Hanoi (AsiaNews/Agencies) - Vietnam is to release six political or religious prisoners as part of an amnesty of thousands of detainees to mark the Lunar New Year.

The amnesty of 8,325 prisoners includes "six prisoners sentenced for violating national security", presidential spokesman Nguyen Van Bich said yesterday. "The amnesty reflects the lenient and humanitarian policy of the Vietnamese state towards prisoners with good re-education."

The official said among the six were Catholic priest Nguyen Van Ly, 59, and political dissident Nguyen Dan Que, 63.

Father Ly was sentenced in October 2001 to 15 years in prison and to five years of house arrest after he served his jail term.

He was convicted of state sabotage for sending a letter to the United States Commission on International Religious Freedom. His sentence was reduced to 10 years in 2003 and then to five years last June, amid criticism of Hanoi's treatment of religious dissidents.

Que, an internet dissident and democracy advocate, was given a 30-month jail term last July for "abusing his democratic rights".

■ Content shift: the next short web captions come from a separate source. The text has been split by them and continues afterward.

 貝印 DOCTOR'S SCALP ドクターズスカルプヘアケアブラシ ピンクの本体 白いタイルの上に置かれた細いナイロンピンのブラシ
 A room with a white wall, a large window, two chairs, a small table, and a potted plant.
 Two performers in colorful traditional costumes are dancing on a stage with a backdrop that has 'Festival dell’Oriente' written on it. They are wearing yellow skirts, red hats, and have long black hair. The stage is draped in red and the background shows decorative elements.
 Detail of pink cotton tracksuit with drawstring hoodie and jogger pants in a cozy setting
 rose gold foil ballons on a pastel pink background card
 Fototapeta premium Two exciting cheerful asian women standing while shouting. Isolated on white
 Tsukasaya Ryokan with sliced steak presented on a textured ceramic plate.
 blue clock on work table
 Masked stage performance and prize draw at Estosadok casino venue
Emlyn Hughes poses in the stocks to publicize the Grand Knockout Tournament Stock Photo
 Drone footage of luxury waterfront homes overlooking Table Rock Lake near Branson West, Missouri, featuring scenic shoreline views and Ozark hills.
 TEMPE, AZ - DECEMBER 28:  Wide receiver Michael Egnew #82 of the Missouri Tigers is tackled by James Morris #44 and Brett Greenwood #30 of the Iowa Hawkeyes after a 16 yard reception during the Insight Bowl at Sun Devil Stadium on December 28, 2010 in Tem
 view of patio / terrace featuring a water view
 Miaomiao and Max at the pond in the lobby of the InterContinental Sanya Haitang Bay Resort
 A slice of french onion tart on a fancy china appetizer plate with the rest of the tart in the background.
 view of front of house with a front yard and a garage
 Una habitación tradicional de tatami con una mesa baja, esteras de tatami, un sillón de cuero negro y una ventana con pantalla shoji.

Last Friday, a diplomat said four dissidents on a European Union list of prisoners of conscience would be released. Apart from Ly and Que, he mentioned Huynh Van Ba, a member of the outlawed Unified Buddhist Church of Vietnam, and another dissident jailed in 1993, Nguyen Dinh Huy. Yesterday another source mentioned Truong Van Duc, a member of the Hoa Ha Buddhist sect who was sentenced to 12 years' jail in 2001.

All are well-known critics of the communist government, which keeps an iron grip on the media and often stifles dissent with long prison sentences.

Ba, 50, was originally sentenced to life imprisonment in March 1987 for "attempting to overthrow the people's government" but had his sentence reduced to 20 years.

Huy, 72, was arrested in 1993 with 11 other members of a political group and sentenced two years later to 15 years in prison. 

The next amnesties will be announced on April 30 to mark the 30th anniversary of the fall of the US-backed South Vietnamese regime, and on National Day on September 2.